Portainer webhook step uncommented for :main auto-deploy.
compose.dev.yaml — local-build variant with Redis + TimescaleDB +
processor-dev for verifying Dockerfile changes without the registry
round-trip.
README.md — fleshed out from stub: quick-start, Docker build, deployment
note, env vars, tests (unit vs. integration), CI behavior. Flags the
deploy-side change needed: deploy/compose.yaml needs a TimescaleDB
service and a processor service entry added.

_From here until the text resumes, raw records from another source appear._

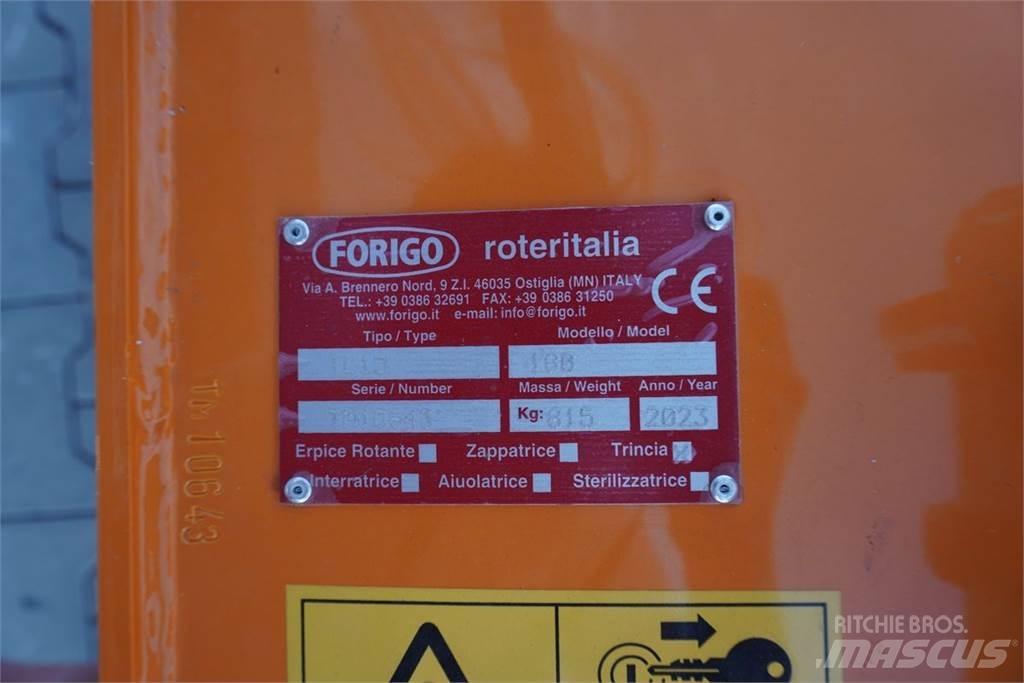 Forigo TL15-180 Traktorske kosilice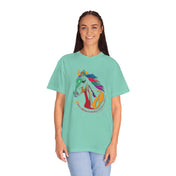 Urban SoulShine & co T-Shirt Island Reef / S Nothing Little About Your Light Horse (premium pastels Tee)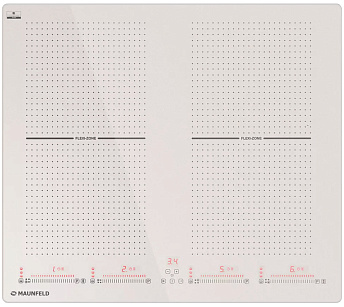 Индукционная стеклокерамич. панель Maunfeld CVI594SF2BG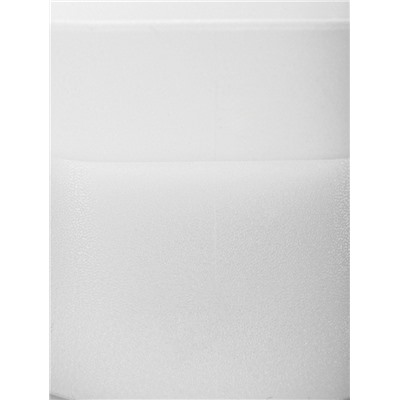 Миска для животных КУБ 0,2л,Soft-touch, белый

Verification: typecheck, lint clean; 134 unit tests passing across 8
files (+22 from this batch). pnpm test:integration runs cleanly under
the no-Docker skip pattern.
Phase 1 is now complete. Service is pilot-ready.
src/core/consumer.ts — XREADGROUP loop with consumer-group resumption,
ensureConsumerGroup (BUSYGROUP-tolerant), decodeBatch (CodecError → log
+ skip + leave pending; never speculative ACK), partial-ACK semantics,
connectRedis (mirroring tcp-ingestion's retry pattern), clean stop.

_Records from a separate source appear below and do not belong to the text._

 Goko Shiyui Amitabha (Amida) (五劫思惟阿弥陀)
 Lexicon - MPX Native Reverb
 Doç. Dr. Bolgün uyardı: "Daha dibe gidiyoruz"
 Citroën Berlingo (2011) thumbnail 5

src/core/state.ts — LRU Map<device_id, DeviceState> using delete+set
bump trick (no third-party LRU dep); last_seen = max(prev, ts) so
out-of-order replays don't regress the high-water mark; evictedTotal()
counter.
src/core/writer.ts — multi-row INSERT ON CONFLICT (device_id, ts) DO
NOTHING with RETURNING. Duplicate detection by set-difference between
input and RETURNING rows (xmax=0 doesn't work for skipped-conflict
rows, only returned ones — confirmed in the task spec's own Note).
Sequential chunking to WRITE_BATCH_SIZE; bigint→string and Buffer→base64
attribute serialization that handles Buffer.toJSON shape.

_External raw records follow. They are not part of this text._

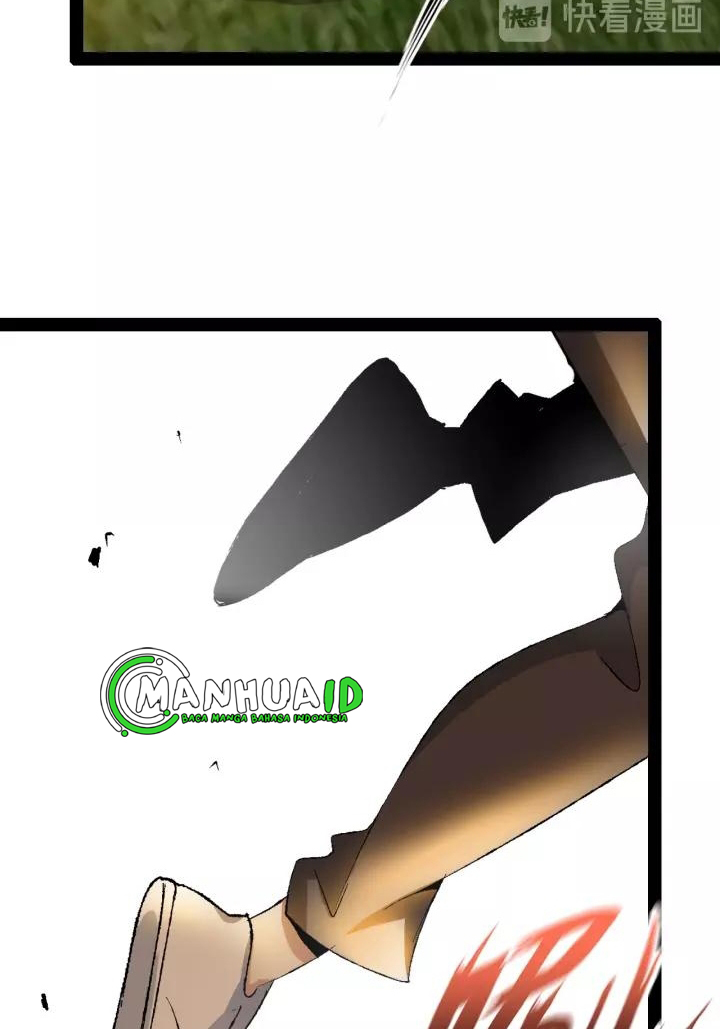 I am an Invincible Genius Chapter 90 Bahasa Indonesia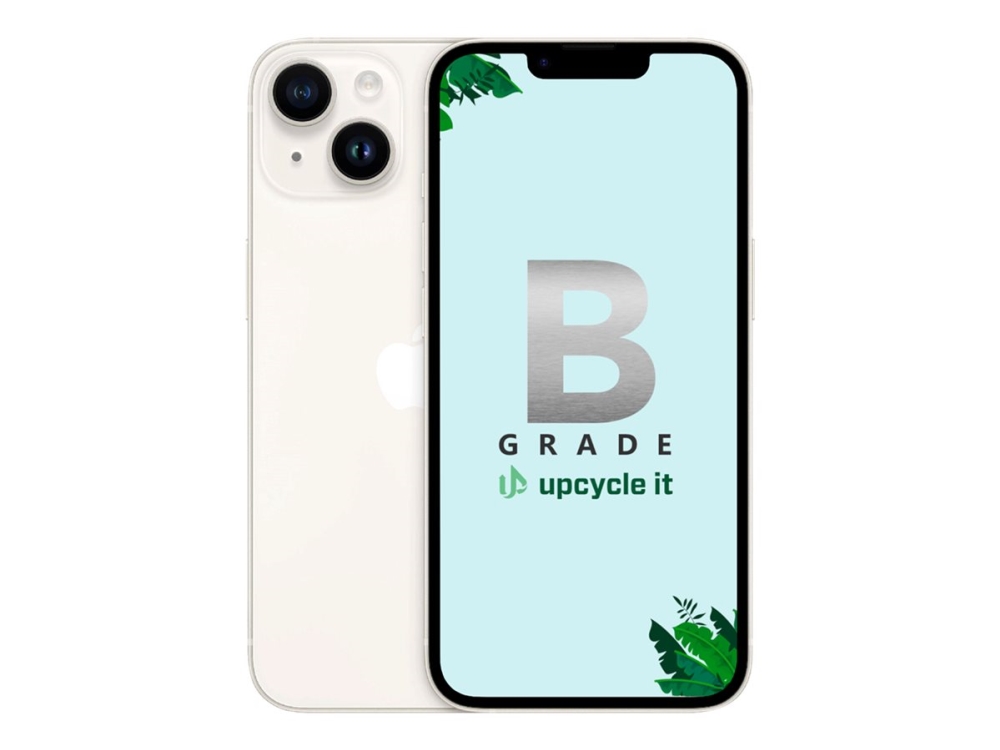 Refurbished Apple Iphone 14 - Condition: Grade B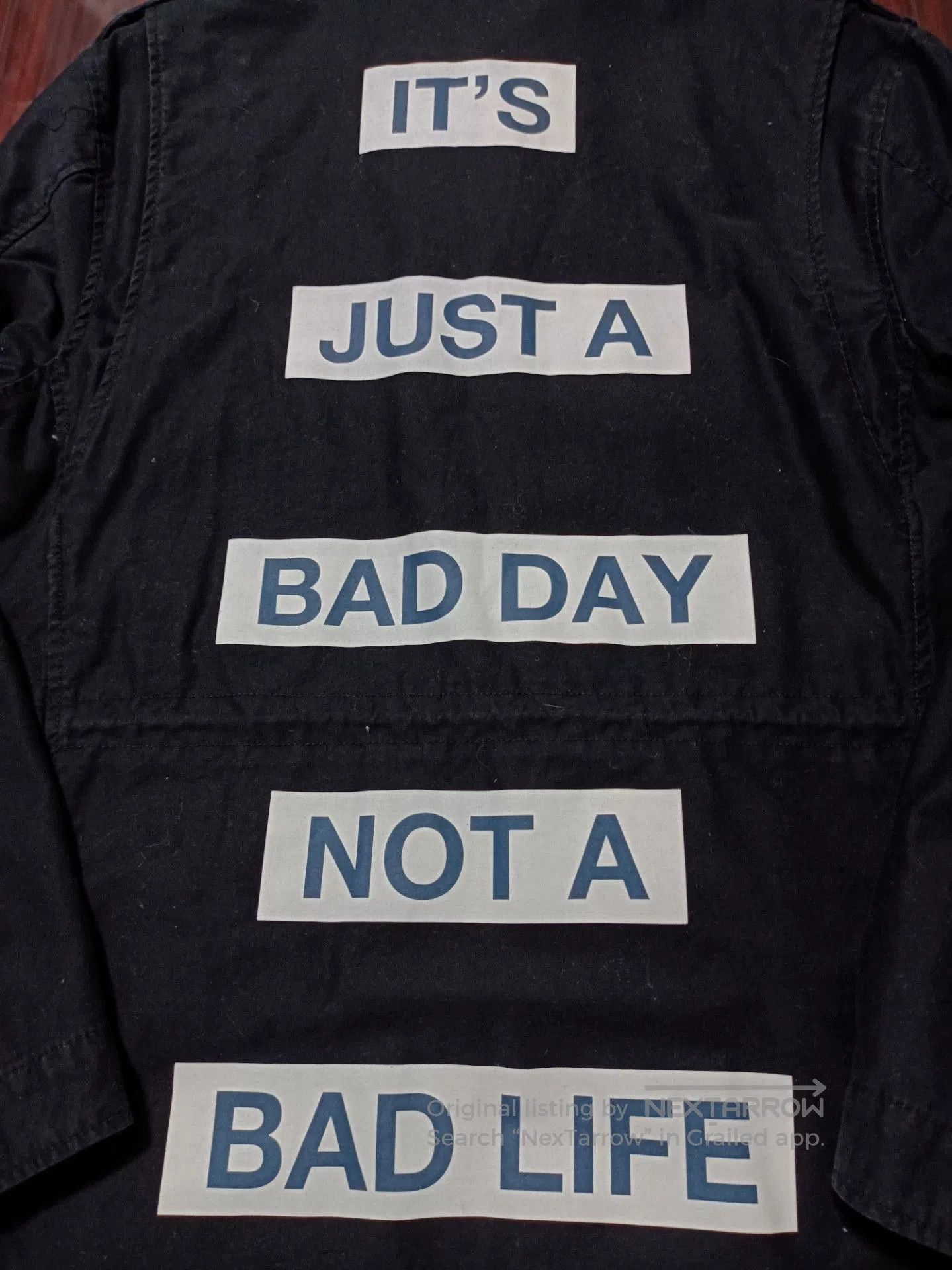 Neighborhood LUKER BY NEIGHBORHOOD Jacket. Size US XL / EU 56 / 4 - 7 Thumbnail
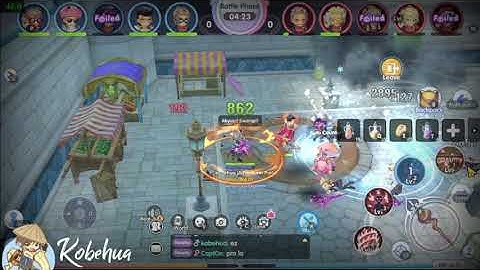 [ ROX ] High Wizard KVM - Daedalus 29/7/21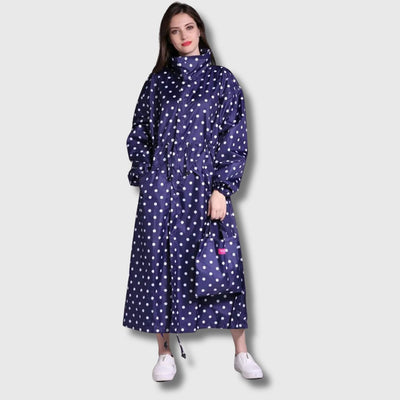 Blandina - Poncho Femme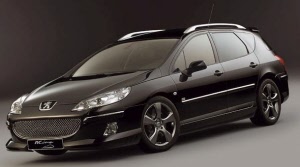 peugeot 407 verlagingsveren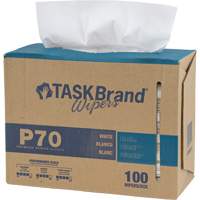 Chiffons de premi&egrave;re qualit&eacute; P70 TaskBrand, Robuste, 16-3/4" lo x 8-1/4" la Canadian Safety Group Inc.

src/main.ts — full pipeline: pool → migrate → redis → state → writer →
sink → consumer → graceful-shutdown stub. Sink ordering is
state.update BEFORE writer.write per spec rationale (state stays
consistent with what's been seen even if not yet persisted; redelivery
is idempotent on state). Metrics is still the trace-logging shim from
tcp-ingestion's pre-1.10 pattern; real prom-client lands in task 1.9.
Verification: typecheck, lint clean; 112 unit tests passing across 7
test files (+39 from this batch).
Scaffold mirrors tcp-ingestion conventions: ESM, strict TS, pnpm, vitest
with unit/integration split, ESLint flat config with no-floating-promises
+ no-misused-promises + import/no-restricted-paths (the new src/core/ →
src/domain/ boundary that protects Phase 1 from Phase 2 churn).
Core types in src/core/types.ts (Position, StreamRecord, DeviceState,
Metrics, AttributeValue) — Position is byte-equivalent to tcp-ingestion's
output. Codec in src/core/codec.ts implements sentinel reversal:
{__bigint:"..."} → bigint, {__buffer_b64:"..."} → Buffer, ISO timestamp
string → Date. CodecError surfaces malformed payload reasons with the
failing field named.
Config in src/config/load.ts (zod schema, all 13 env vars with defaults
and bounded numerics). Logger in src/observability/logger.ts matches
tcp-ingestion exactly: ISO timestamps, string level labels, pino-pretty
in development.
Postgres in src/db/: createPool with sane defaults and application_name,
connectWithRetry mirroring the ioredis retry pattern, a 30-line
migration runner using a schema_migrations table, and 0001_positions.sql
with the hypertable + (device_id, ts) unique index + ts DESC index.
Migration runner unit-tested against a mocked pg.Pool; the real
TimescaleDB round-trip is deferred to task 1.10 per spec.
Verification: typecheck, lint, build all clean; 73 unit tests passing
across 4 files. import/no-restricted-paths verified live by temporarily
adding a forbidden src/domain/ import.